Exercise requirements ::
Once the line holding "108Inch Modern Sectional" is found, output it and all remaining lines of the data exactly, with every picture left out.

Recorded information ::
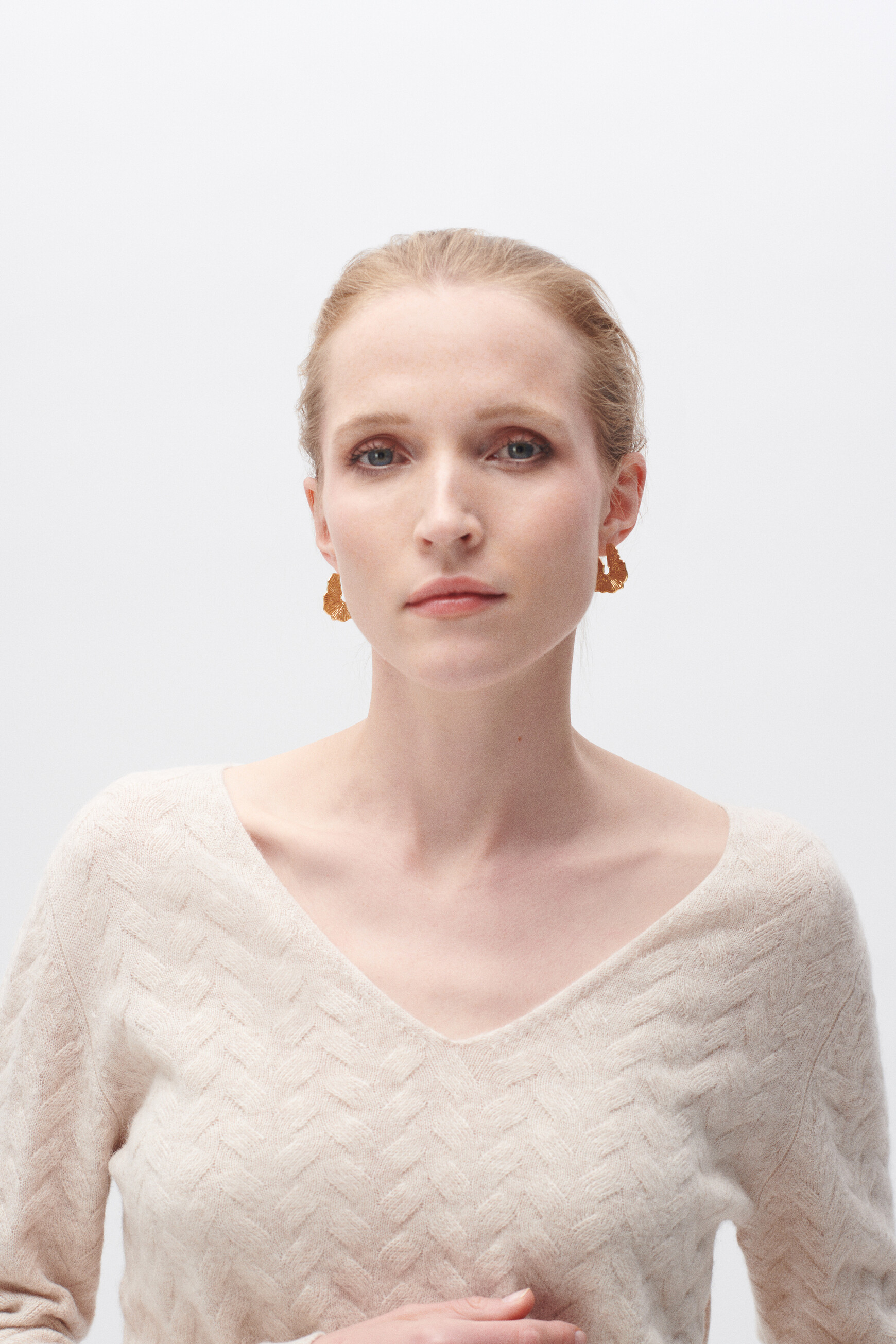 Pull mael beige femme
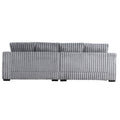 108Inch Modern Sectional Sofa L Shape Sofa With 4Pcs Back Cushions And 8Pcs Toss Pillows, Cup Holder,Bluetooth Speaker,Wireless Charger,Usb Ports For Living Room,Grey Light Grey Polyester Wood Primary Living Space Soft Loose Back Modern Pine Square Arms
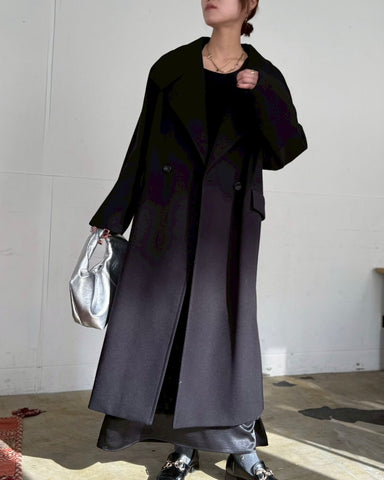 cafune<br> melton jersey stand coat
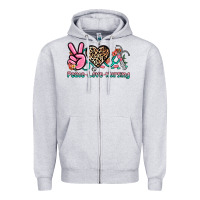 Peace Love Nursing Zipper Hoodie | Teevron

Expected output ::
 108Inch Modern Sectional Sofa L Shape Sofa With 4Pcs Back Cushions And 8Pcs Toss Pillows, Cup Holder,Bluetooth Speaker,Wireless Charger,Usb Ports For Living Room,Grey Light Grey Polyester Wood Primary Living Space Soft Loose Back Modern Pine Square Arms
 cafune<br> melton jersey stand coat
 Peace Love Nursing Zipper Hoodie | Teevron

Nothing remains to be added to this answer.